#### Task requirements
Here is the task for the listing below: output exactly the lines from the one containing "Draw Polygon Form" through the one containing "Super Mario Party", and leave out the pictures.

#### Entries supplied

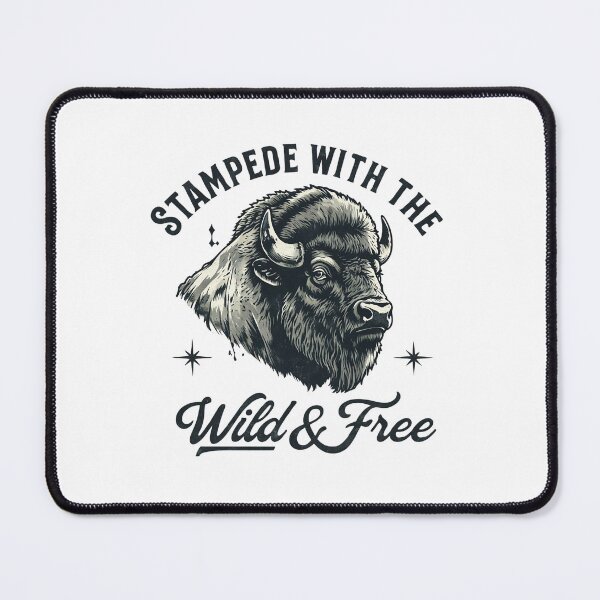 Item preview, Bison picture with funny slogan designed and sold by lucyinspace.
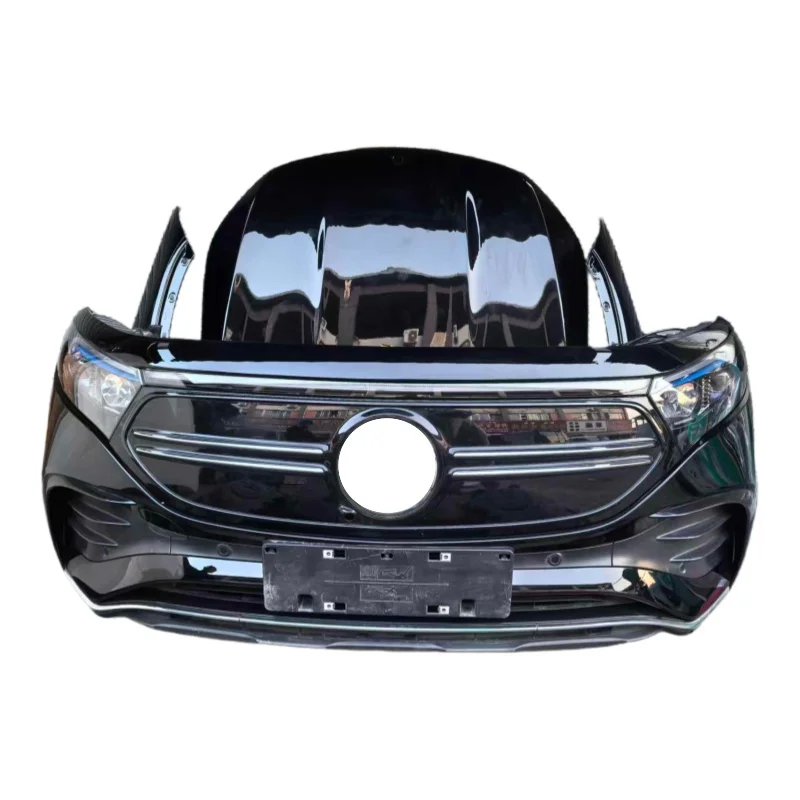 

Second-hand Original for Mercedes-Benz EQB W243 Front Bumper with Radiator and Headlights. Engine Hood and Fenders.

--

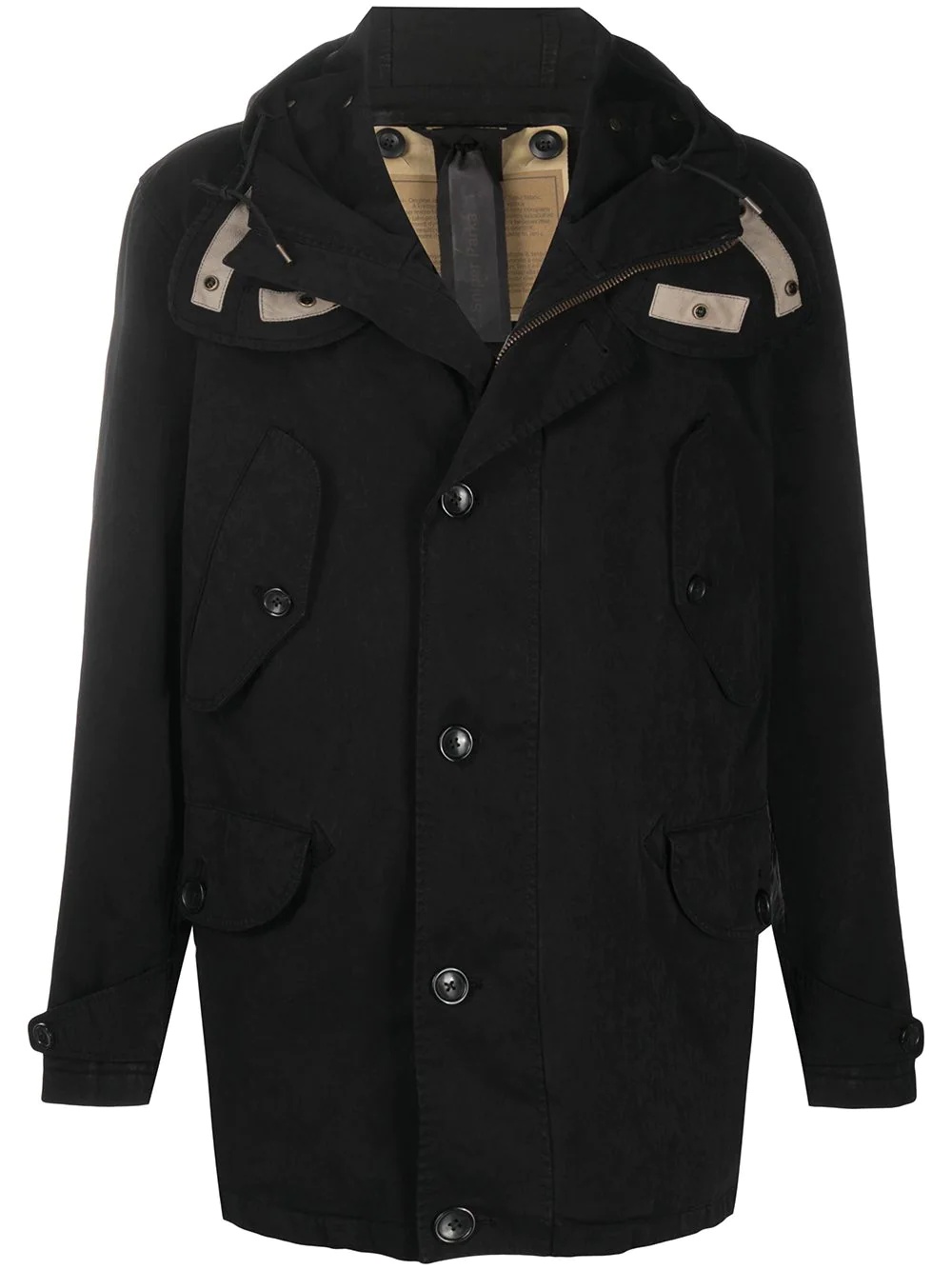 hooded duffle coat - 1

--

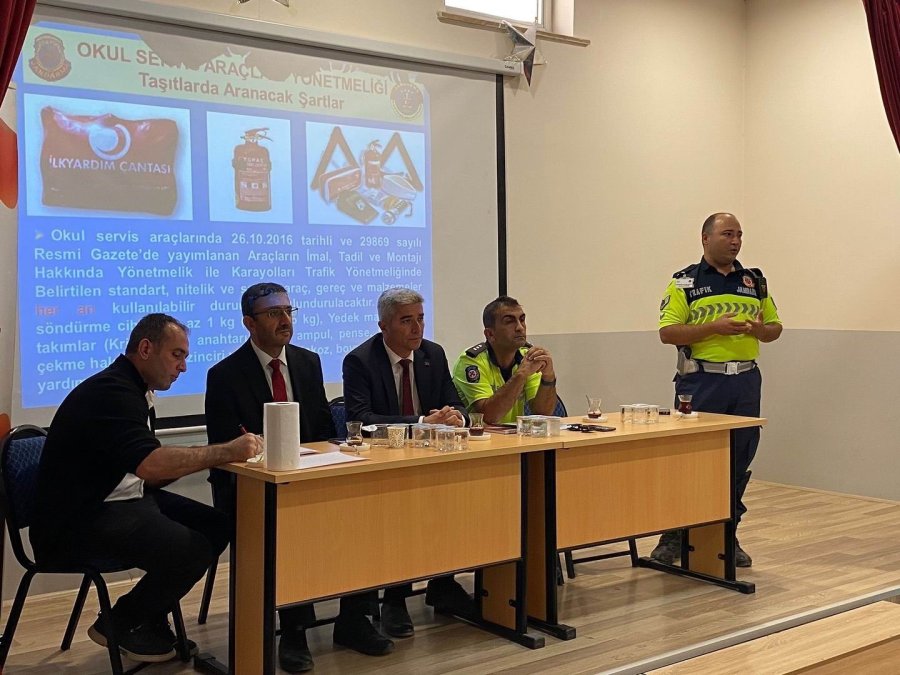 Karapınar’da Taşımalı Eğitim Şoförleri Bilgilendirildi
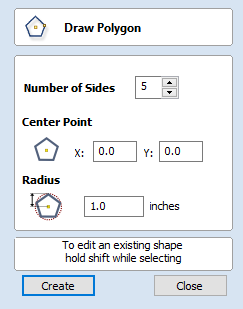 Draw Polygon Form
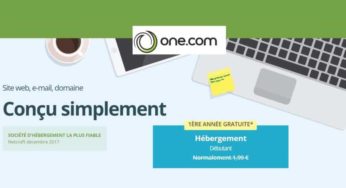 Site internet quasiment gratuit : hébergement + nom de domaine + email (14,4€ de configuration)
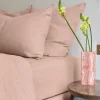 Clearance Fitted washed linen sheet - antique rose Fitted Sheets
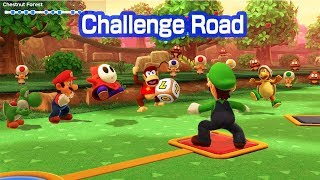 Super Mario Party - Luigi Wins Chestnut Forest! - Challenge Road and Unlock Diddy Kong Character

#### Solution for this problem
 Draw Polygon Form
 Site internet quasiment gratuit : hébergement + nom de domaine + email (14,4€ de configuration)
 Clearance Fitted washed linen sheet - antique rose Fitted Sheets
 Super Mario Party - Luigi Wins Chestnut Forest! - Challenge Road and Unlock Diddy Kong Character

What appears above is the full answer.